At elite high schools, my educated guess would be the 95+% of students hoping to study in America will choose the international program. In the five best high schools in Shenzhen, this means 80-150 students. I actually love the very few students who don't, the ones who remain in the Gaokao-focused program. The competition in the national curriculum is often higher, and the education more rigorous, simply because it's all in their cultural and linguistic wheelhouse. It also doesn't carry the giant price tag, which more often than not only covers silly, two-year SAT prep classes, if they include any classes at all (you'd be surprised how few Senior 3s actually take classes, or even visit their high schools on a weekly basis, despite what schools claim in their transcripts). Let me point out that I'm not referring to any specific schools, or making blanket claims. These kids are still brilliant people working their butts off. Not to mention, I can think of one local school whose international program is utterly remarkable, almost awe-inspiring. Though I'm not convinced American admissions officers understand the context of how or why.

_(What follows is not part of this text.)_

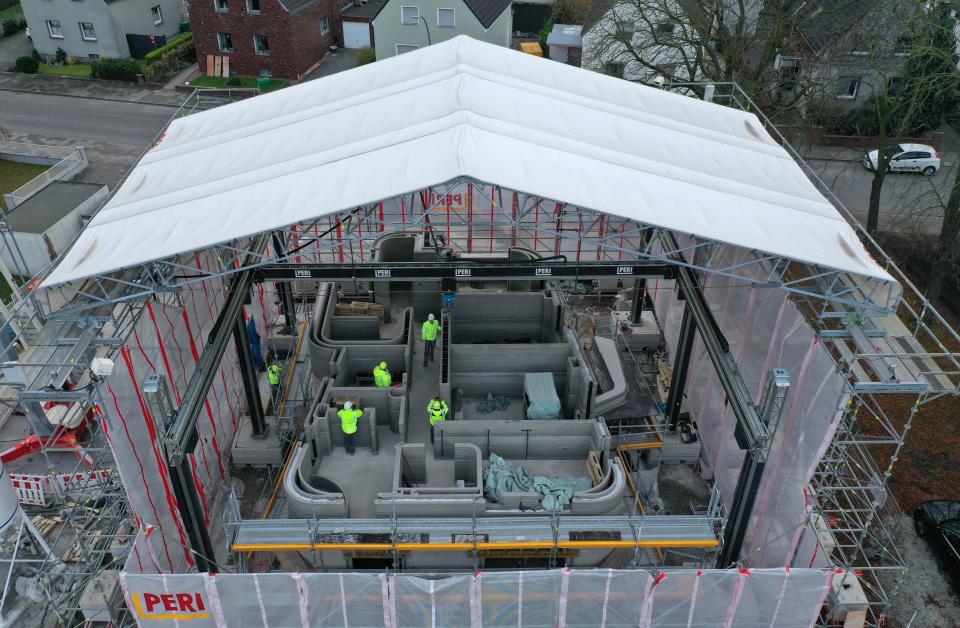 Construction workers standing in the scaffolded construction site of a house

Are the schools trying to adapt to a more holistic education—do schools create extracurricular activities that are significant. Do they do the same for service?

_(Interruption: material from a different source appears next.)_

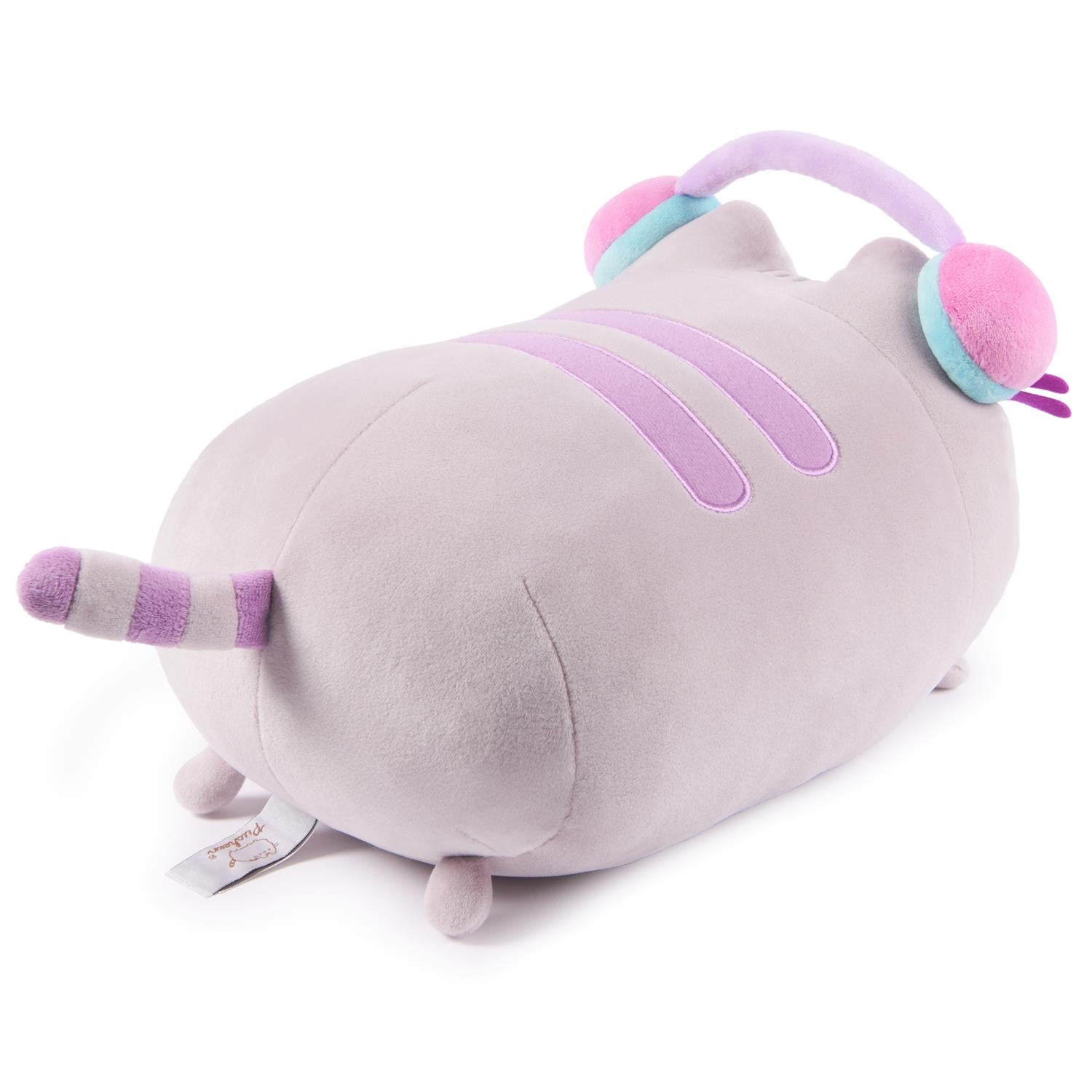 Lilac cat plush with headphones.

Yes, to a degree, though this is still something very new for Chinese schools. So it's not yet being handled in a sophisticated way. Anyone involved with the Chinese side of US college admissions is familiar with the old "teaching in a rural village" cliche - mandated, one-week group service trips that only "serve" in a nominal way, and are quite insulting to the people they're intended to help, if you ask me. Schools here have always offered plenty of extracurricular opportunities in sports, music and the arts, at least to the point that they don't interfere with Gaokao prep. When you have 3,000 bright students in a high school community contributing to these activities, they can become pretty darn impressive.

The US-college boom made schools increase the number of extracurricular and service opportunities, but often only because the best-selling admissions books were doling out the same old useless tripe about "leadership" and "passion." Thus...leadership class! In a test-based education system, however, it became very easy to start ignoring the validity and importance of such opportunities in young people's lives, and revert back to the test, the SAT, which is in some ways just becoming a proxy for Gaokao.

Now you're seeing the most elite students creating their own opportunities outside of school, accomplishing truly amazing things, and that's wildly impressive considering this mindset's antagonism toward the entire education culture.

Shenzhen students in AP class

Is the competition among students greater than it’s ever been or has it calmed down a bit now that so many students are choosing to study in the US?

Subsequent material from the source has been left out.